I'm sure there are other causes as well, but I'm convinced of this, a person's life and value is not to be judged by their lowest point, and I believe God does not judge us at our worst, nor should we.
The hardest part for those left behind is the haunting questions, "Why" and "What could I have done." And of course they are never answered....
Lastly I'll share this piece, I think it is so well said -----
"The so-called 'psychotically depressed' person who tries to kill herself doesn’t do so because death seems suddenly appealing.
The person in whom Its invisible agony reaches a certain unendurable level will kill herself the same way a trapped person will eventually jump from the window of a burning high-rise.
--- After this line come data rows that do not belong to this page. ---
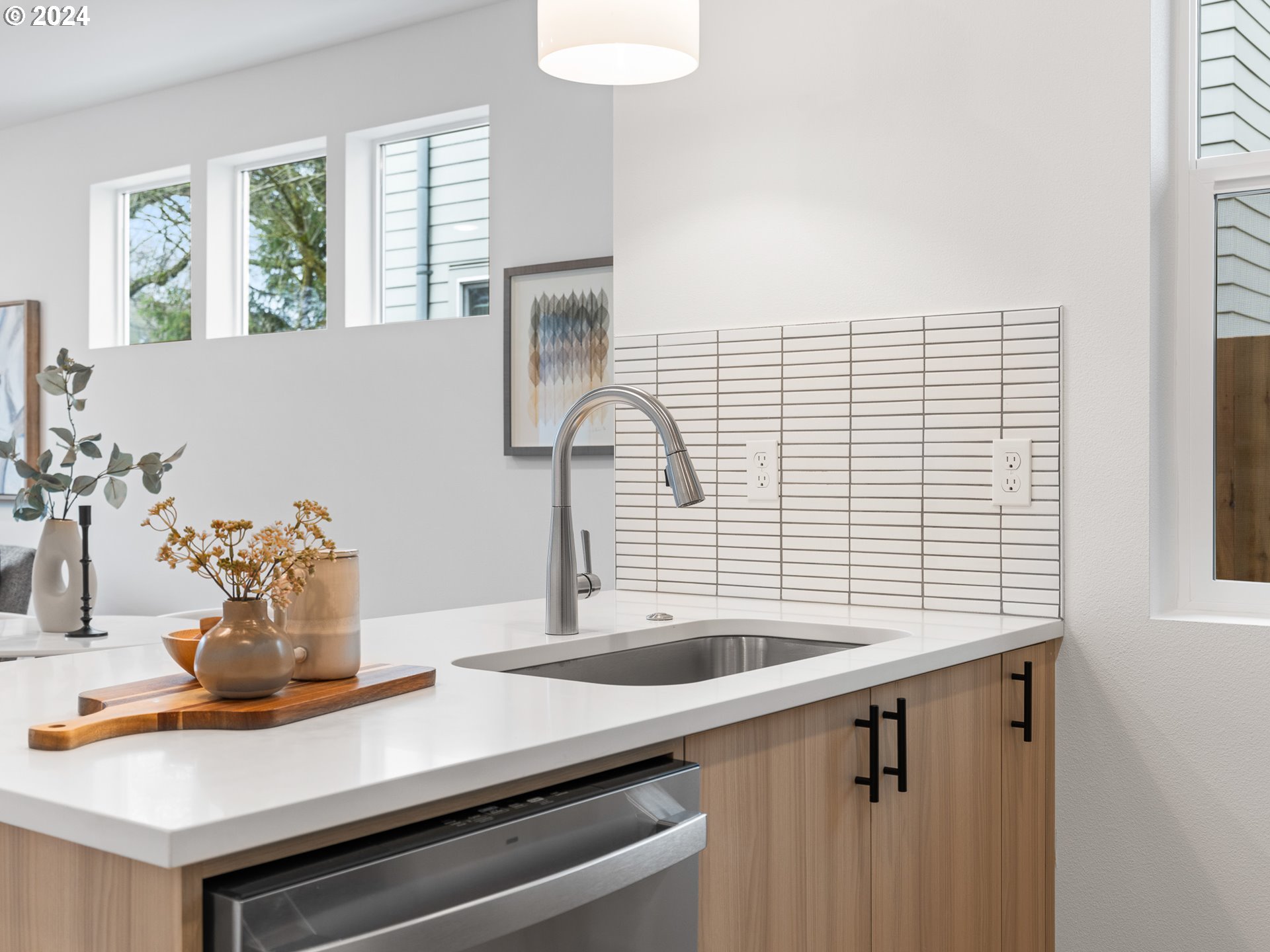 4366 N Gantenbein AVE 1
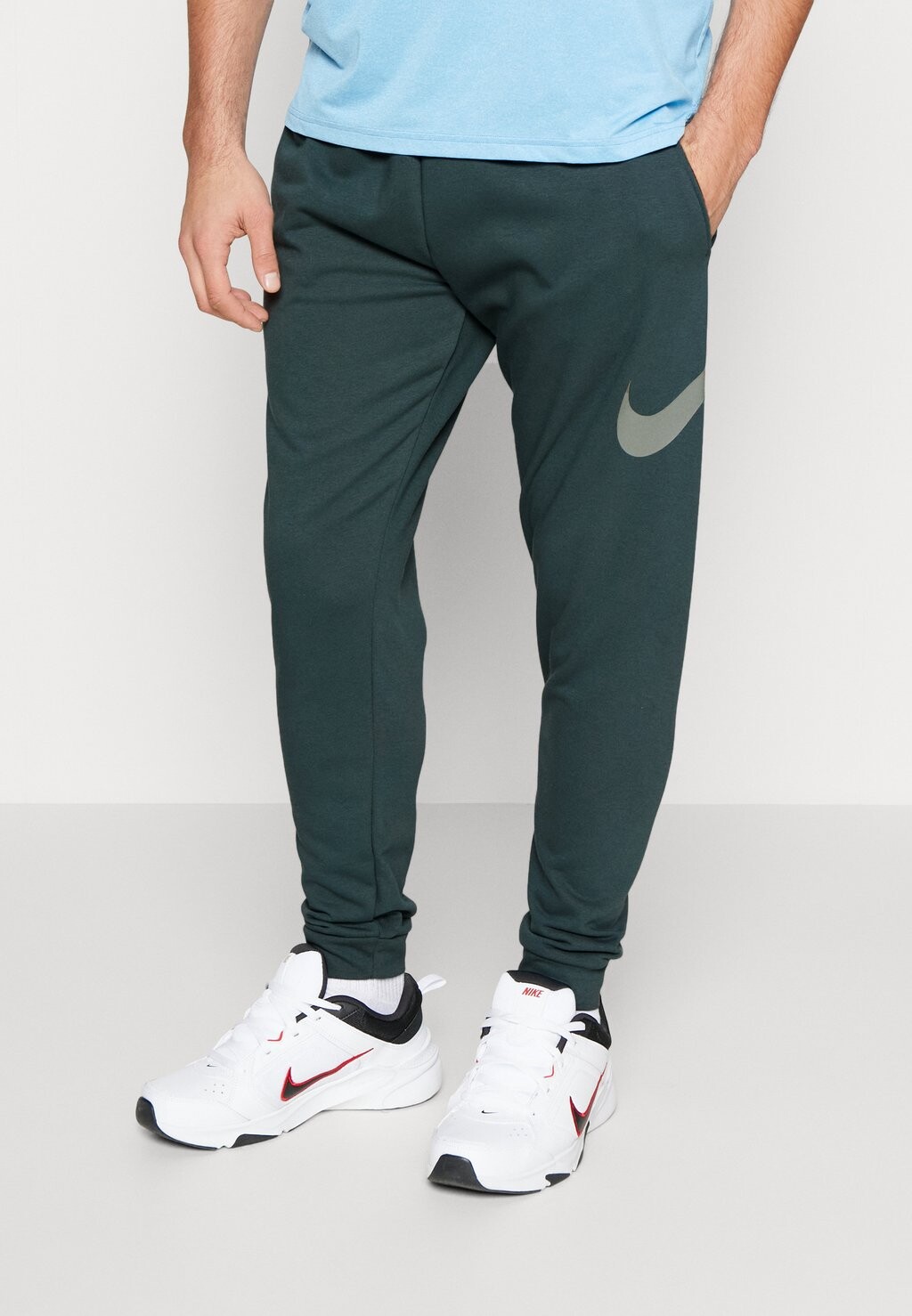 

Спортивные брюки Nike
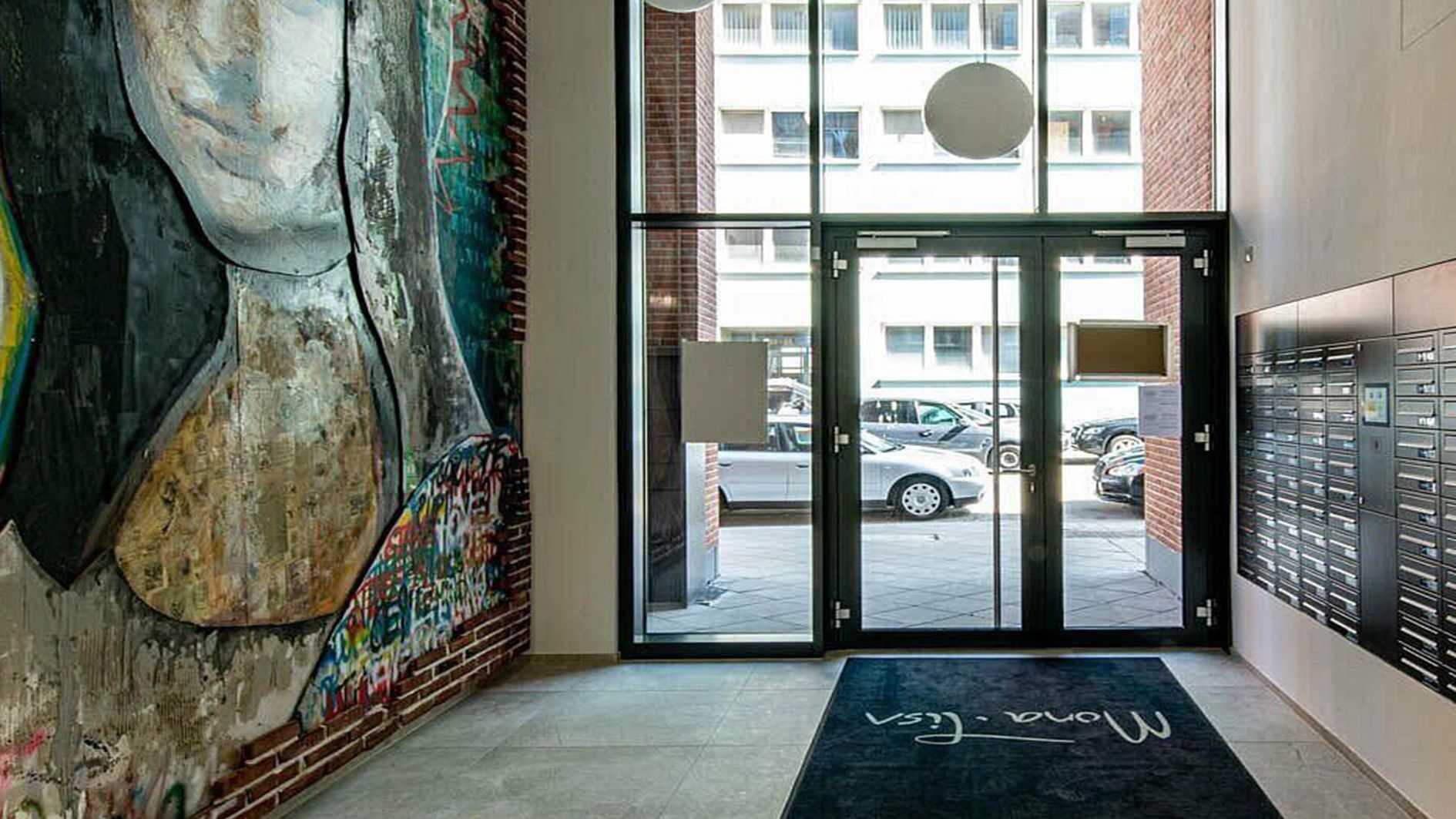 Mona Lisa Urban Apartments Frankfurt: Eingang | BelForm: Wirtschaftlichkeit, Konzept, Innenarchitektur, Einrichtung, Digitalisierung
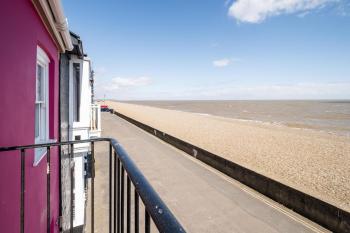 Magenta - A stunning Seafront house with lovely and uninterrupted Beach Views - Aldeburgh Coastal Cottages, Aldeburgh (zdjęcie 4)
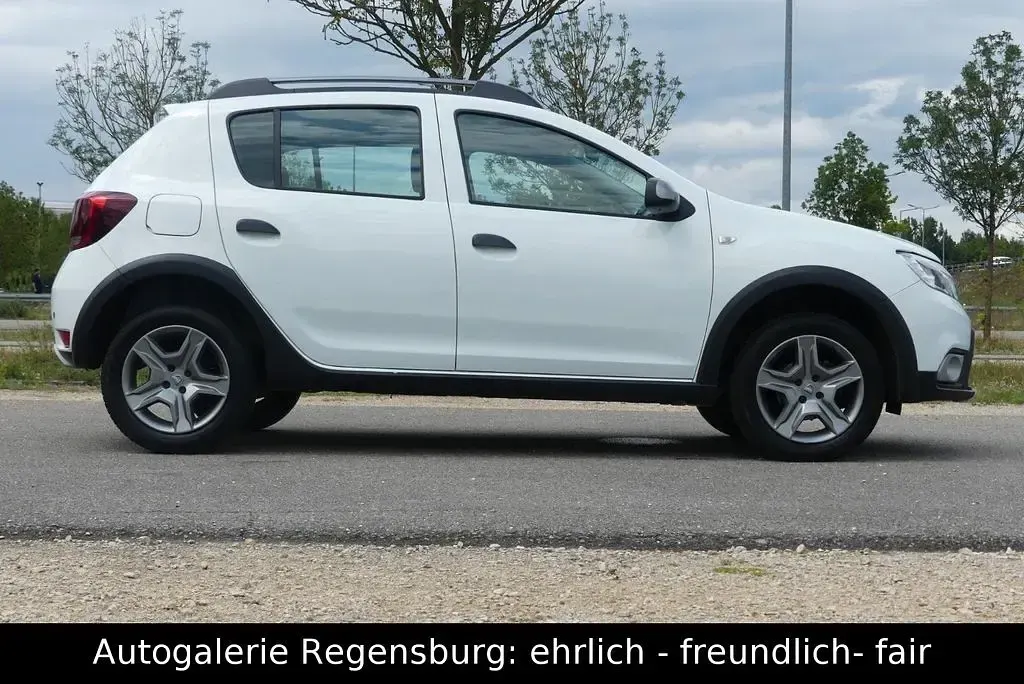 Gebraucht Dacia Sandero Stepway 90 PS (66 kW) 2019 Weiß Limousine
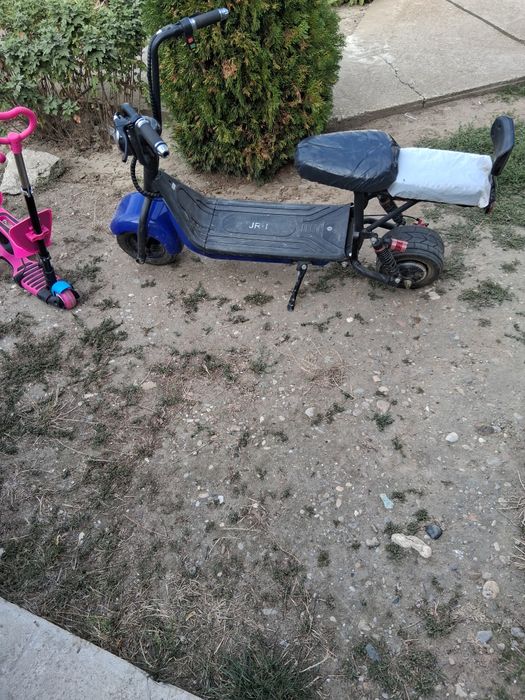 Vând scuter Harley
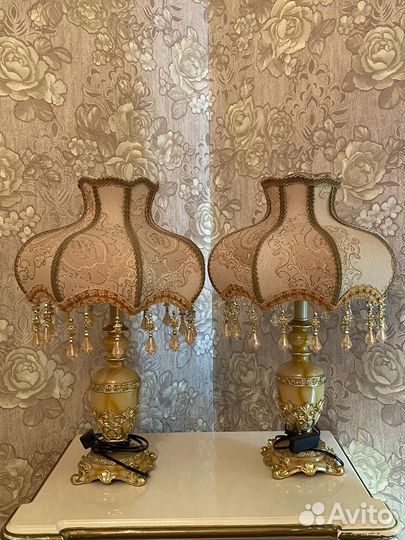 Лампа настольная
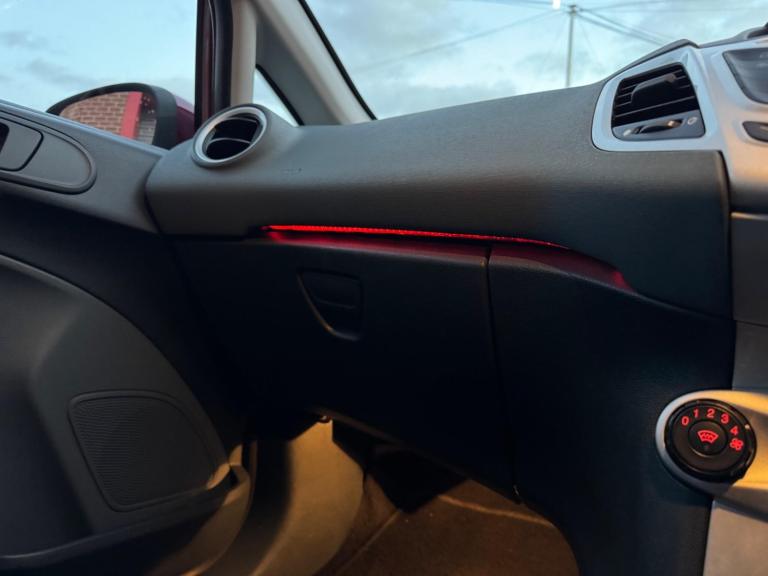 2010 Ford Fiesta 1.4 Zetec 5dr HATCHBACK PETROL Manual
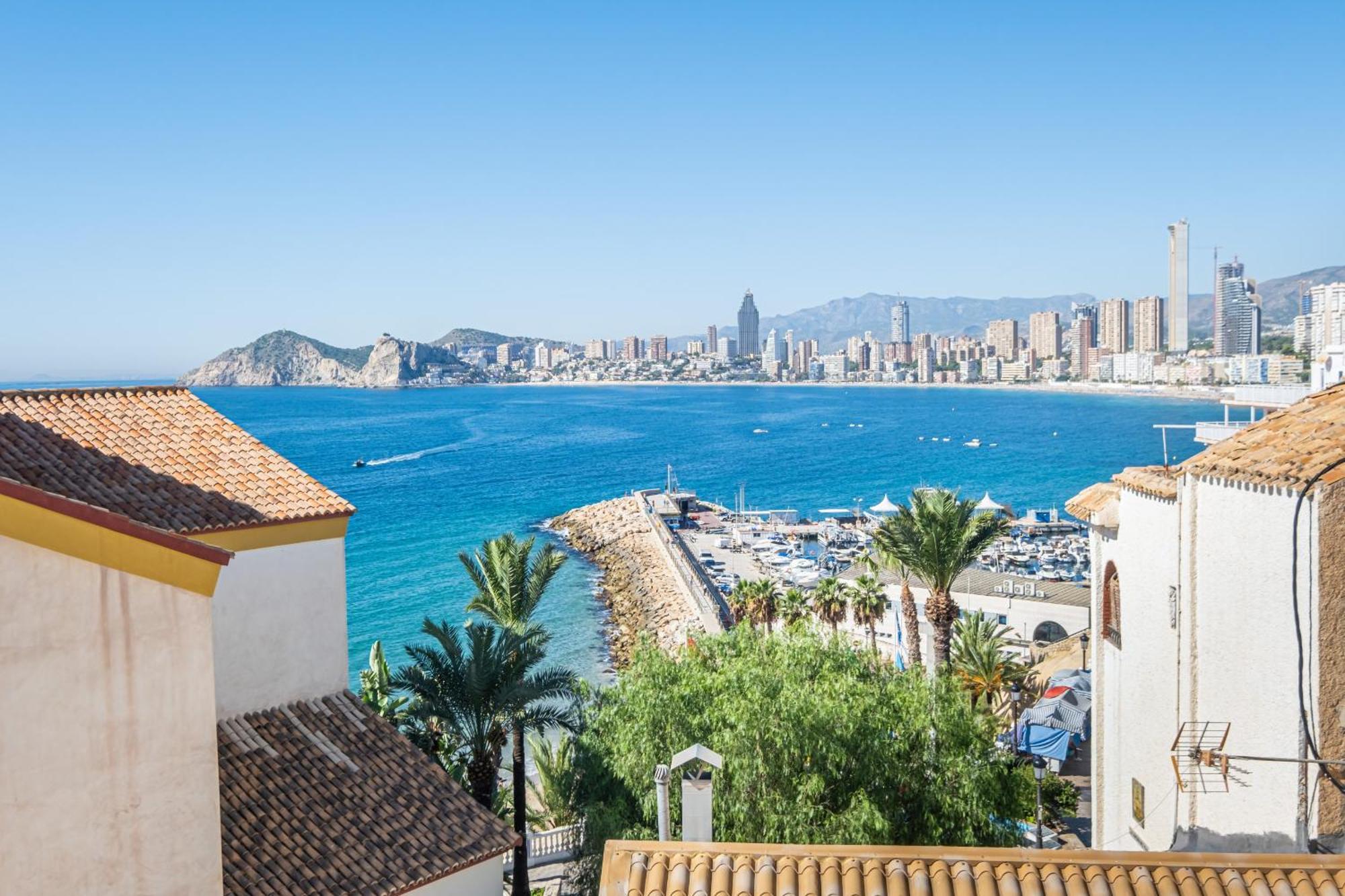 Apartamentos El Castell Benidorm Old-Town Bagian luar foto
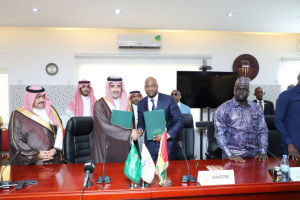Le Président de la République de Guinée reçoit le Président-Directeur Général (PDG) du Fonds Saoudien pour discuter des projets de développement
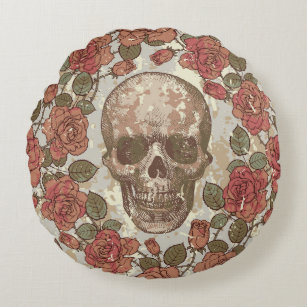 Retro Skulls and Roses Ornament Round Pillow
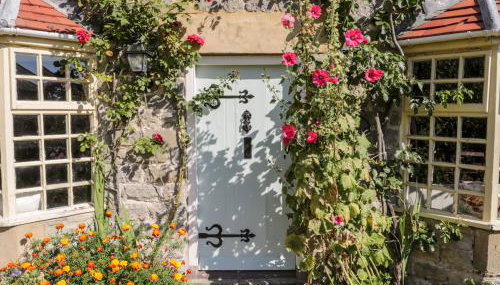 Bute Cottage - Photo 2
Make no mistake about people who leap from burning windows. Their terror of falling from a great height is still just as great as it would be for you or me standing speculatively at the same window just checking out the view; i.e., the fear of falling remains a constant.
The variable here is the other terror, the fire’s flames: when the flames get close enough, falling to death becomes the slightly less terrible of two terrors.
It’s not desiring the fall; it’s terror of the flames.
And yet nobody down on the sidewalk, looking up and yelling ‘Don’t!’ and ‘Hang on!’, can understand the jump. Not really.
You’d have to have personally been trapped and felt flames to really understand a terror way beyond falling."